PURPOSE: Routinely collected real world data (RWD) have great utility in aiding the novel coronavirus disease (COVID-19) pandemic response. Here we present the international Observational Health Data Sciences and Informatics (OHDSI) Characterizing Health Associated Risks and Your Baseline Disease In SARS-COV-2 (CHARYBDIS) framework for standardisation and analysis of COVID-19 RWD. PATIENTS AND METHODS: We conducted a descriptive retrospective database study using a federated network of data partners in the United States, Europe (the Netherlands, Spain, the UK, Germany, France and Italy) and Asia (South Korea and China). The study protocol and analytical package were released on 11th June 2020 and are iteratively updated via GitHub. We identified three non-mutually exclusive cohorts of 4,537,153 individuals with a clinical COVID-19 diagnosis or positive test, 886,193 hospitalized with COVID-19, and 113,627 hospitalized with COVID-19 requiring intensive services. RESULTS: We aggregated over 22,000 unique characteristics describing patients with COVID-19. All comorbidities, symptoms, medications, and outcomes are described by cohort in aggregate counts and are readily available online. Globally, we observed similarities in the USA and Europe: more women diagnosed than men but more men hospitalized than women, most diagnosed cases between 25 and 60 years of age versus most hospitalized cases between 60 and 80 years of age.
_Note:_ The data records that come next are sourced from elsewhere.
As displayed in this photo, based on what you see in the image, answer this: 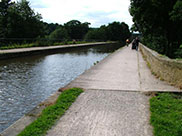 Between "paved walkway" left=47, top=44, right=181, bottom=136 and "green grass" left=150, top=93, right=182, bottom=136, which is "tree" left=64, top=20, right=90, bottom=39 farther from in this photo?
"green grass" left=150, top=93, right=182, bottom=136

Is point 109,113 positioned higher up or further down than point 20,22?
further down

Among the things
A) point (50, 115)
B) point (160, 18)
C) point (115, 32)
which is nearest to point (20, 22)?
point (160, 18)

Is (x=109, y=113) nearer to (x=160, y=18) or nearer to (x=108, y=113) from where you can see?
(x=108, y=113)

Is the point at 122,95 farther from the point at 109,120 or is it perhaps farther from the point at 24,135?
the point at 24,135

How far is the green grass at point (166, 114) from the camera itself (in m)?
3.30

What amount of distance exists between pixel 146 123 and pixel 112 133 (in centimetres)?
74

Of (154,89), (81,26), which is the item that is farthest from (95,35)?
(154,89)

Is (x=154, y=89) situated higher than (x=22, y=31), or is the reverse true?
(x=22, y=31)

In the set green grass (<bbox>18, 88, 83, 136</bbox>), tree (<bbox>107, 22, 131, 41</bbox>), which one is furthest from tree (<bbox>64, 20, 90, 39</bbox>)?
green grass (<bbox>18, 88, 83, 136</bbox>)

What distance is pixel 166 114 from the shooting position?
3932mm

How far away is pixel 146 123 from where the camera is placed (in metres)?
3.65

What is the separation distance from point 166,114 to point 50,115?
215 centimetres

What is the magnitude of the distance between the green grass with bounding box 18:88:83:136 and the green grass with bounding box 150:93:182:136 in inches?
67.1

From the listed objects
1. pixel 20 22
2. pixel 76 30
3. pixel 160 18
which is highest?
pixel 76 30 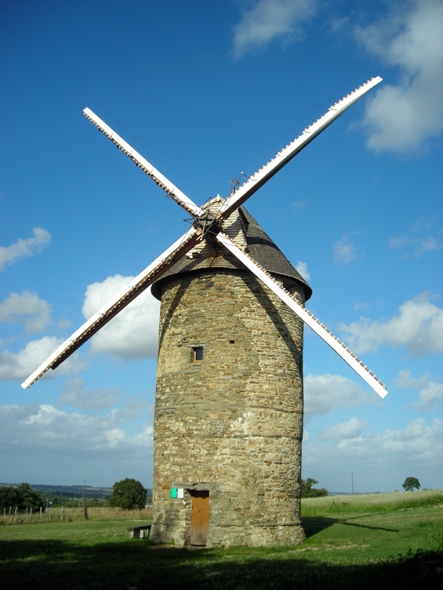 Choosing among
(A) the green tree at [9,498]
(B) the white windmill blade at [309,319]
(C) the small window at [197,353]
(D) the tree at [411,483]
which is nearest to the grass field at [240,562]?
(B) the white windmill blade at [309,319]

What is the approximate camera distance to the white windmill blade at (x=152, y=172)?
17922 millimetres

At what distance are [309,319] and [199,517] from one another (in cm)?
581

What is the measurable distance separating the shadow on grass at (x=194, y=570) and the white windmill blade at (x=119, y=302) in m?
4.81

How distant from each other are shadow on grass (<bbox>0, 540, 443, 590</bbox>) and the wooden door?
0.78 m

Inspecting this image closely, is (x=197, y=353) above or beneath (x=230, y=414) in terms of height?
above

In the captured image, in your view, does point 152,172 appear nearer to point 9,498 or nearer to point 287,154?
point 287,154

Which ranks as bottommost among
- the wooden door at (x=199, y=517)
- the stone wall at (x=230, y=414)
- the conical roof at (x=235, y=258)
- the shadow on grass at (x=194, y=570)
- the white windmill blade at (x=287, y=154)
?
the shadow on grass at (x=194, y=570)

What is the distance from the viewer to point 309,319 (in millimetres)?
15586

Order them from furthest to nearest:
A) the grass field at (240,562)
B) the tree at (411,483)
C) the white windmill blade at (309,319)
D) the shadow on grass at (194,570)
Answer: the tree at (411,483), the white windmill blade at (309,319), the grass field at (240,562), the shadow on grass at (194,570)

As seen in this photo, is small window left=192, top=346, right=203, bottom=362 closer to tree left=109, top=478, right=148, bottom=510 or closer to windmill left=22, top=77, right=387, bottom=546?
windmill left=22, top=77, right=387, bottom=546

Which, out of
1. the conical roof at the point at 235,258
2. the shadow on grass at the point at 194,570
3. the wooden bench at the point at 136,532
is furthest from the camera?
the wooden bench at the point at 136,532

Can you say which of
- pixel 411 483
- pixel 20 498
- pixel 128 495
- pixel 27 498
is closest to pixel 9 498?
pixel 20 498

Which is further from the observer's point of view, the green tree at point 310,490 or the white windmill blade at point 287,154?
the green tree at point 310,490

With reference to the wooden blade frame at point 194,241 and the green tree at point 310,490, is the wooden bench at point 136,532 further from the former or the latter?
the green tree at point 310,490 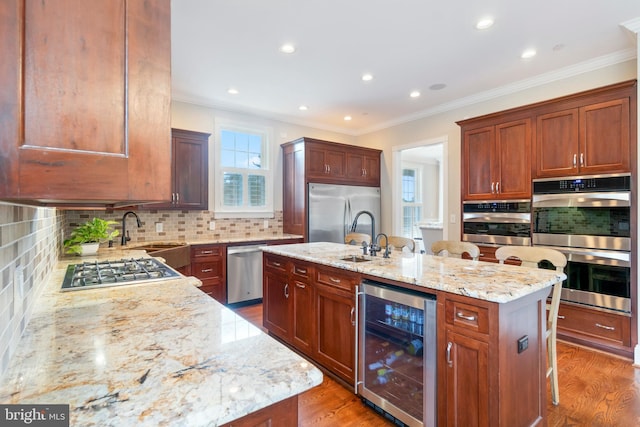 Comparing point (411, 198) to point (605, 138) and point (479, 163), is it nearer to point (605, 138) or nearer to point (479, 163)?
point (479, 163)

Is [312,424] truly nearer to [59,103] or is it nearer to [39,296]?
[39,296]

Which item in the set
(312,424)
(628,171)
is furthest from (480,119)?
(312,424)

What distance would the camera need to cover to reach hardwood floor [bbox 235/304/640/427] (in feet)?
6.43

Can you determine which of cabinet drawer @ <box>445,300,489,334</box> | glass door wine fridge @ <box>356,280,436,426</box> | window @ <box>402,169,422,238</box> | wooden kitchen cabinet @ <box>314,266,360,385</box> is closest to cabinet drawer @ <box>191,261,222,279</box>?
wooden kitchen cabinet @ <box>314,266,360,385</box>

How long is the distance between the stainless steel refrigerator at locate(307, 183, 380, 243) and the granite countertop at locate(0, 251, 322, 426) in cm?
357

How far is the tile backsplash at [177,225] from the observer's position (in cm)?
394

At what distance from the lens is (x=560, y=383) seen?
241 cm

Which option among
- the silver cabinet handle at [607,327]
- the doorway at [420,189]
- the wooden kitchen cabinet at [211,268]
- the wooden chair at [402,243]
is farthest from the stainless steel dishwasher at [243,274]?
the doorway at [420,189]

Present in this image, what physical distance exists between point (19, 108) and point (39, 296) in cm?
121

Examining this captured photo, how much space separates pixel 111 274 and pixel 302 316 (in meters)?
1.40

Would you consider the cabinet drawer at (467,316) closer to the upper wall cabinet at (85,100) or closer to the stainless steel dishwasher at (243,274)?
the upper wall cabinet at (85,100)

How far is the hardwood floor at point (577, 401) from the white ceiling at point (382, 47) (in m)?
2.82

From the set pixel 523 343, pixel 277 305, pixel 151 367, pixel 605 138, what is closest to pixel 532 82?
pixel 605 138

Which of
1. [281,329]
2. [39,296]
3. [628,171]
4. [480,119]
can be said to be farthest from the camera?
[480,119] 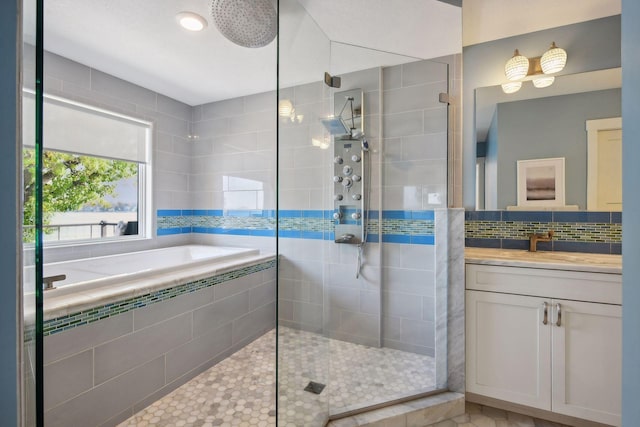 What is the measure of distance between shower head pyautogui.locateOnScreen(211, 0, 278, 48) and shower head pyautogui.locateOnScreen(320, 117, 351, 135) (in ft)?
2.33

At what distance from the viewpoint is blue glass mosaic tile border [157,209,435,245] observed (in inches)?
57.3

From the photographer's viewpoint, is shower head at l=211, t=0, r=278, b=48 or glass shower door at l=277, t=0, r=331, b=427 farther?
shower head at l=211, t=0, r=278, b=48

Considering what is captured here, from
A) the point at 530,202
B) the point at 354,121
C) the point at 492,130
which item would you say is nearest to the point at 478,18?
the point at 492,130

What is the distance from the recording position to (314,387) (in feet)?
4.73

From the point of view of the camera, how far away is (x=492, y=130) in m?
2.06

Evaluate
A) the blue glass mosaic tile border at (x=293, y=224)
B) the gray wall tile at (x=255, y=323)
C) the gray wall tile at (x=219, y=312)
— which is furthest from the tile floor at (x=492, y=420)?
the gray wall tile at (x=219, y=312)

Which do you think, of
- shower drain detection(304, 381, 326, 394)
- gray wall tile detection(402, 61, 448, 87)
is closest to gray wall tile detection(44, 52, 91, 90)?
gray wall tile detection(402, 61, 448, 87)

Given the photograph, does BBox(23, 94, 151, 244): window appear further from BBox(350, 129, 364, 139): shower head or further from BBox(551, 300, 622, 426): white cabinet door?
BBox(551, 300, 622, 426): white cabinet door

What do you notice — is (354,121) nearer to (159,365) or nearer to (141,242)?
(159,365)

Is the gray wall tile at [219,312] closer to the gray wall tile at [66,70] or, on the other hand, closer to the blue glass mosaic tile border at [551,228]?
the blue glass mosaic tile border at [551,228]

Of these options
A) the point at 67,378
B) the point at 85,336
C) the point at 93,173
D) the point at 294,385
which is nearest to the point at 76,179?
the point at 93,173

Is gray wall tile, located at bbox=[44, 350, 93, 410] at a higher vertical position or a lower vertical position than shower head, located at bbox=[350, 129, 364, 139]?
lower

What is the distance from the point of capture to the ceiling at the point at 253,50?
4.81 ft

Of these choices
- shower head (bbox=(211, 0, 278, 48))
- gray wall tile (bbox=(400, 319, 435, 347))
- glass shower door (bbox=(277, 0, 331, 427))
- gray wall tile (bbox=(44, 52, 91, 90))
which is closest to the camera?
glass shower door (bbox=(277, 0, 331, 427)) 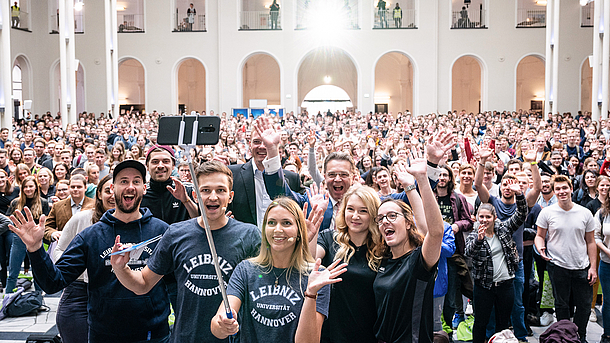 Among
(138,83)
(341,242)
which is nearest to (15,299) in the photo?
(341,242)

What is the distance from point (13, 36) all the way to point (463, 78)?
78.1 ft

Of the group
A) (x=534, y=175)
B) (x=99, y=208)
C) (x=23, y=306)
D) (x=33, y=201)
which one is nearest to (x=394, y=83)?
(x=33, y=201)

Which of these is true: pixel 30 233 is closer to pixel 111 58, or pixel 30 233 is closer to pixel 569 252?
pixel 569 252

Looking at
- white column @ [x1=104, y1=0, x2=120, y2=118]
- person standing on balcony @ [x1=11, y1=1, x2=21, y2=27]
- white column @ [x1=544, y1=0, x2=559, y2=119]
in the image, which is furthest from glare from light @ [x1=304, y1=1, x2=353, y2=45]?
person standing on balcony @ [x1=11, y1=1, x2=21, y2=27]

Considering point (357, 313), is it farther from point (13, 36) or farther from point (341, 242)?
point (13, 36)

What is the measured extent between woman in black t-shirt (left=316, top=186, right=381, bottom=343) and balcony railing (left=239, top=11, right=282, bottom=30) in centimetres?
2580

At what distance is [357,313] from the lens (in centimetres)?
310

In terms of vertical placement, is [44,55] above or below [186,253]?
above

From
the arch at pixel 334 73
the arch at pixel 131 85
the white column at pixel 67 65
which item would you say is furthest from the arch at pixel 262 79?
the white column at pixel 67 65

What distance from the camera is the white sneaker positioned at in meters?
6.11

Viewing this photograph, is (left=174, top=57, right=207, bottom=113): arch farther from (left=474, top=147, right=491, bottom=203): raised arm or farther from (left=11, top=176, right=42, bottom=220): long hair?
(left=474, top=147, right=491, bottom=203): raised arm

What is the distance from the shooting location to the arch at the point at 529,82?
32.1m

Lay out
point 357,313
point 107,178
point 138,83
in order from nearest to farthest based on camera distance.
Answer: point 357,313 → point 107,178 → point 138,83

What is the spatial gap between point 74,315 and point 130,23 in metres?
29.1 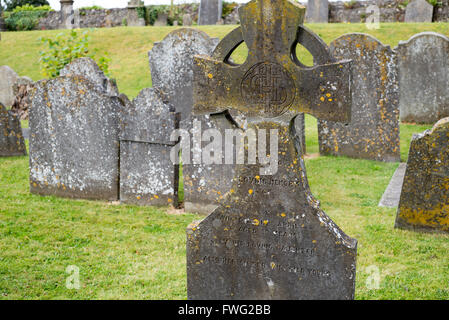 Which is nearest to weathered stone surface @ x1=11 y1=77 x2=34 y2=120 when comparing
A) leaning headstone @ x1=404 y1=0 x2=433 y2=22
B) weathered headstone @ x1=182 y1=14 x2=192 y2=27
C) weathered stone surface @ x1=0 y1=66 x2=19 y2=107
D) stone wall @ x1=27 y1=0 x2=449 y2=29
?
weathered stone surface @ x1=0 y1=66 x2=19 y2=107

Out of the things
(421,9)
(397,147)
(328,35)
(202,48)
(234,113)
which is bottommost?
(397,147)

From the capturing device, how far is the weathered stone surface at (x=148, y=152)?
6707 mm

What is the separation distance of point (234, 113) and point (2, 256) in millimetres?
3499

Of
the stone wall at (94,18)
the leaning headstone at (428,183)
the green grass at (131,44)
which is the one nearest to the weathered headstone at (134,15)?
the stone wall at (94,18)

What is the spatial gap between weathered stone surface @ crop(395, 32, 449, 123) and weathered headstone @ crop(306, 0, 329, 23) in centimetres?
1536

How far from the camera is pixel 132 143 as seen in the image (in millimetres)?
6934

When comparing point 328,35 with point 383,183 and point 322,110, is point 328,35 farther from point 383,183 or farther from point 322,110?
point 322,110

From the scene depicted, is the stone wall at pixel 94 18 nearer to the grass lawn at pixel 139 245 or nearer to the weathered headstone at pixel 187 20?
the weathered headstone at pixel 187 20

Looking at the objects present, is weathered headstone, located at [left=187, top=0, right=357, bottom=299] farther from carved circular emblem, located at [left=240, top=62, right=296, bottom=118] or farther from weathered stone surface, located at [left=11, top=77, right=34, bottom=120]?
weathered stone surface, located at [left=11, top=77, right=34, bottom=120]

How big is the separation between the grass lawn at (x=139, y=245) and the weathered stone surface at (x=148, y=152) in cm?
24

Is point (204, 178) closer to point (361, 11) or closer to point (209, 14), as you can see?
point (209, 14)

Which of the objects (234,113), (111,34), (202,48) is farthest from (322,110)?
(111,34)

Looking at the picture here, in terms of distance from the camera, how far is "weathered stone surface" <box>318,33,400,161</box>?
9.40 metres

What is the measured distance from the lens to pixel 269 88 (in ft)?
12.9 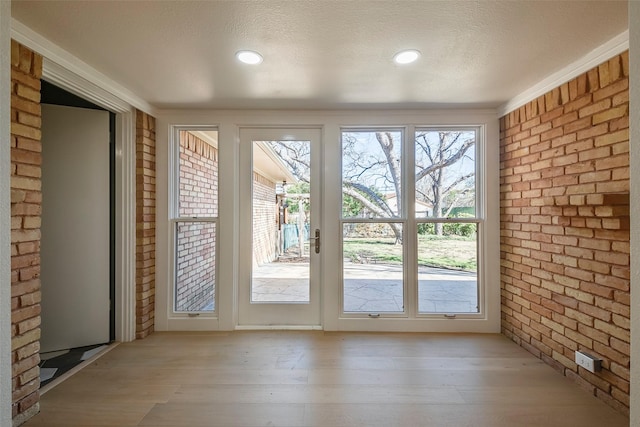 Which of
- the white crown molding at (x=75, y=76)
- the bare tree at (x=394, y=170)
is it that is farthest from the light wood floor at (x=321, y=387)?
the white crown molding at (x=75, y=76)

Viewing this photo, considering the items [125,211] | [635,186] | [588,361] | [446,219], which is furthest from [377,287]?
[125,211]

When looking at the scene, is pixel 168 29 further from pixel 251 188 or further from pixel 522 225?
pixel 522 225

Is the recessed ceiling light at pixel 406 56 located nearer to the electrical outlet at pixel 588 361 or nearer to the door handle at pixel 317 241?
the door handle at pixel 317 241

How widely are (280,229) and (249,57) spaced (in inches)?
64.3

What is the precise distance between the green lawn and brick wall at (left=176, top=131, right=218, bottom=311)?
4.60 ft

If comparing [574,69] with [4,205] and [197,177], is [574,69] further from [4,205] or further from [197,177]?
[197,177]

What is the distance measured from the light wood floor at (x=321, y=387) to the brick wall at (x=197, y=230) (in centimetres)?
49

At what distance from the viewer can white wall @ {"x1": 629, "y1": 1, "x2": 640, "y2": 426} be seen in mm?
817

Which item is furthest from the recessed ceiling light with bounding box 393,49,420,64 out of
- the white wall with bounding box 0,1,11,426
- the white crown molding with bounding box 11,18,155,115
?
the white crown molding with bounding box 11,18,155,115

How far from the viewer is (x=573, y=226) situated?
83.1 inches

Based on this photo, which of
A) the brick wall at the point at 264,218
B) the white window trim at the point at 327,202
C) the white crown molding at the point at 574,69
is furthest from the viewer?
the brick wall at the point at 264,218

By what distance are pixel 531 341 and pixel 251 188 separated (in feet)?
9.39

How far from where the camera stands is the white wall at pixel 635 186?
0.82 m

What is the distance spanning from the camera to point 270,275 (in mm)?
3076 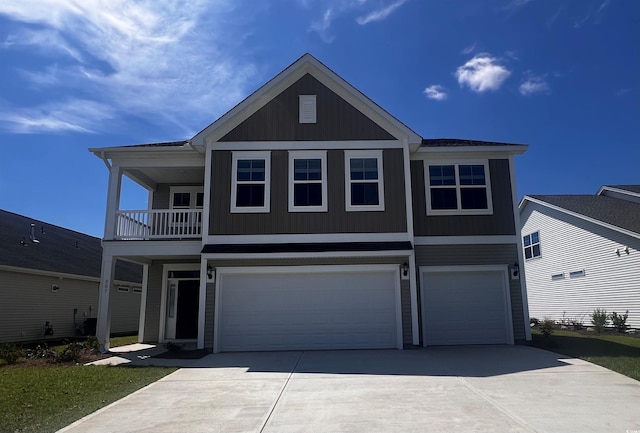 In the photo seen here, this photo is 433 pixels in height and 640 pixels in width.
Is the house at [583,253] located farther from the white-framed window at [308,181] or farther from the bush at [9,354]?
the bush at [9,354]

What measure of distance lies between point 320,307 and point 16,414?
7.67 metres

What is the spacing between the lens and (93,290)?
21.2 m

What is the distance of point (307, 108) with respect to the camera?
13734 millimetres

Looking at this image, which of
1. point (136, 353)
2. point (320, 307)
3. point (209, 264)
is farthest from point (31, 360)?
point (320, 307)

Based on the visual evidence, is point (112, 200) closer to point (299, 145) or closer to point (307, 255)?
point (299, 145)

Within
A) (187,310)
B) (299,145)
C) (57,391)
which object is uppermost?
(299,145)

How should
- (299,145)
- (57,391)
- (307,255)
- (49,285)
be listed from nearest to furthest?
(57,391), (307,255), (299,145), (49,285)

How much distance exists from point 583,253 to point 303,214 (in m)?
13.5

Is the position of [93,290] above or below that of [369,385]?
above

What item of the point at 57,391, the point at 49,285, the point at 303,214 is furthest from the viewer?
the point at 49,285

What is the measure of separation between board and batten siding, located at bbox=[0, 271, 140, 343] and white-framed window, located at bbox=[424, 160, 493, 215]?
39.6ft

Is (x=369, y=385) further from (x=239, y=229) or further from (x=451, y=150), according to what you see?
(x=451, y=150)

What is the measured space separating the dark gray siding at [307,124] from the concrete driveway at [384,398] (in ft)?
21.3

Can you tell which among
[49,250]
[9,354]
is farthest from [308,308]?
[49,250]
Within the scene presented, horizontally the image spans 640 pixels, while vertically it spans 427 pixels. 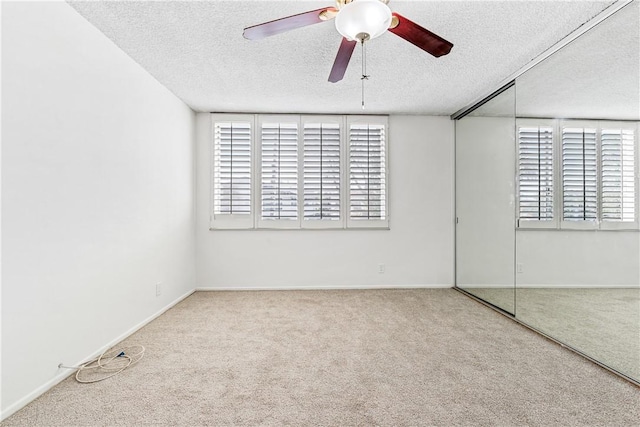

South Korea differed with more women than men hospitalized. Common comorbidities included type 2 diabetes, hypertension, chronic kidney disease and heart disease. Common presenting symptoms were dyspnea, cough and fever. Symptom data availability was more common in hospitalized cohorts than diagnosed. CONCLUSION: We constructed a global, multi-centre view to describe trends in COVID-19 progression, management and evolution over time. By characterising baseline variability in patients and geography, our work provides critical context that may otherwise be misconstrued as data quality issues. This is important as we perform studies on adverse events of special interest in COVID-19 vaccine surveillance.